Sprout served its first dinner August, 2010 in the Fremont Abbey Arts Center and became an instant hit. After two successful dinners in Fremont, Sprout moved the feast to All Pilgrims, which is a little larger, cheaper to rent, and came with a better kitchen. A dinner is planned for each season except for winter, when local produce is harder to come by and Sprout’s staff takes a break.

All of the dinners so far have sold out, each one earlier than the previous one even as the organizers raised the price of dinner from $20 to $25 last year. Sprout does not advertise, so the attendance has all been word of mouth.

“I haven’t been able to articulate myself what is so magical about bringing food into the equation,” Martin said. “The act of sitting down and eating creates a certain kind of openness and familiarity. It brings a certain feeling of connection and community… My parents live in the suburbs, they don’t go to galleries, or to art walks, but they come to this, and they feel cool all of a sudden.”

As the crowd at Sprout 6 finished up semolina cake, they voted for the presentation they liked best, filling out ballots placed at each seat.

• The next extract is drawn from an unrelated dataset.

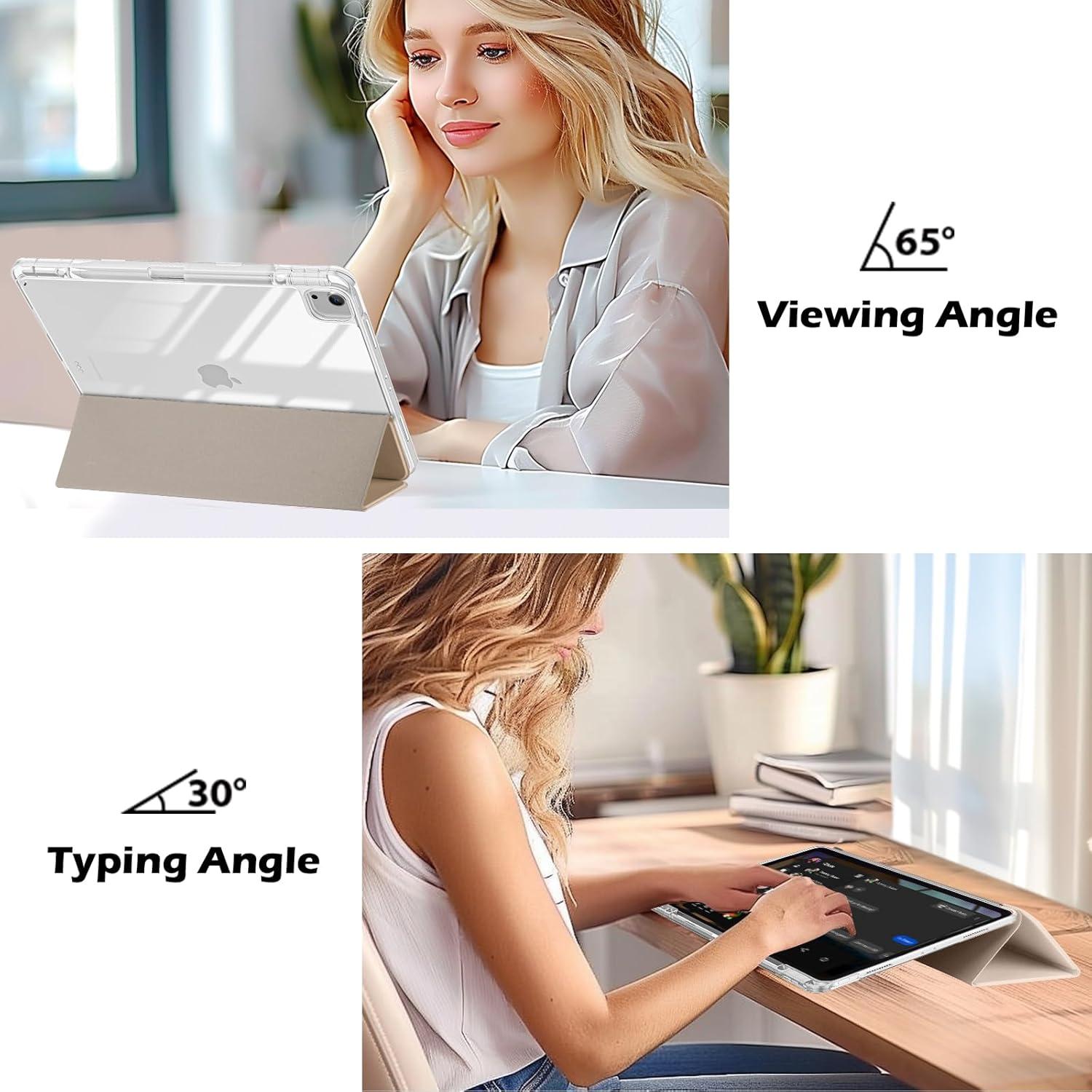 image:imageProCase for iPad Air 13 Inch Case M4M3M2202620252024 with Pencil Holder Hybrid Smart Cover iPad 13 Air M4 M3 M2 Case with Clear Transparent Back Supports Touch ID Auto WakeSleep NavyStarlight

The ballots were counted quickly and the winner announced. Cooning took first place, earning a modest grant of $1,100; Becker was the runner-up and winner of a $600 grant, although he received an extra $100 from someone at the dinner who was particularly impressed with his project.

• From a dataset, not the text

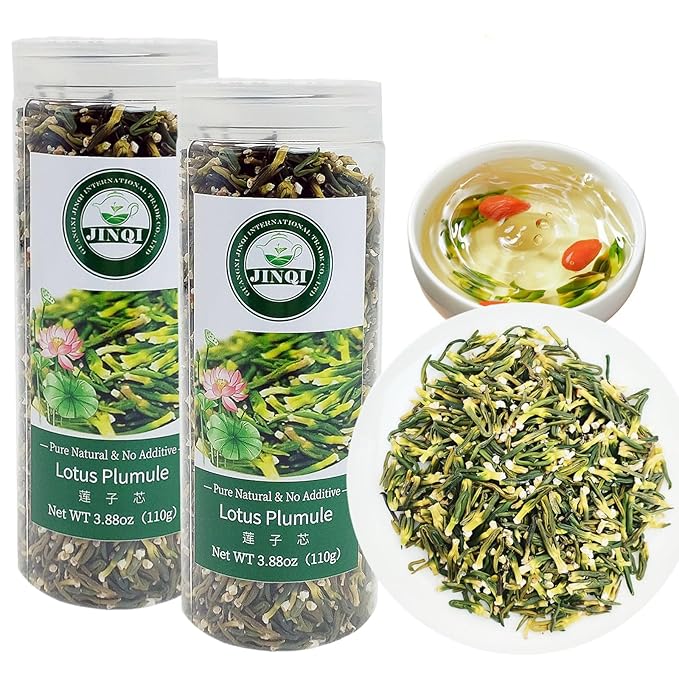 JINQI 2bottles Dried Lotus Plumule Tea- 莲子芯7.76oz/220g(3.88oz/110g*2) Lotus Embryo lotus seed core Chinese Herbal Tea Holiday Gifts Tea Gifts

Even when artists do not win grants, they sometimes receive help in other forms — an artist from the previous dinner received an unsolicited offer of a free sewing machine from one of the diners. These serendipitous connections are also part of the Sprout experience, Martin said.

“I don’t think we’ve quite tapped into being a darling of the Seattle arts community, nor are we a darling of the food scene,” Martin said before pausing. “Maybe that’s just right.”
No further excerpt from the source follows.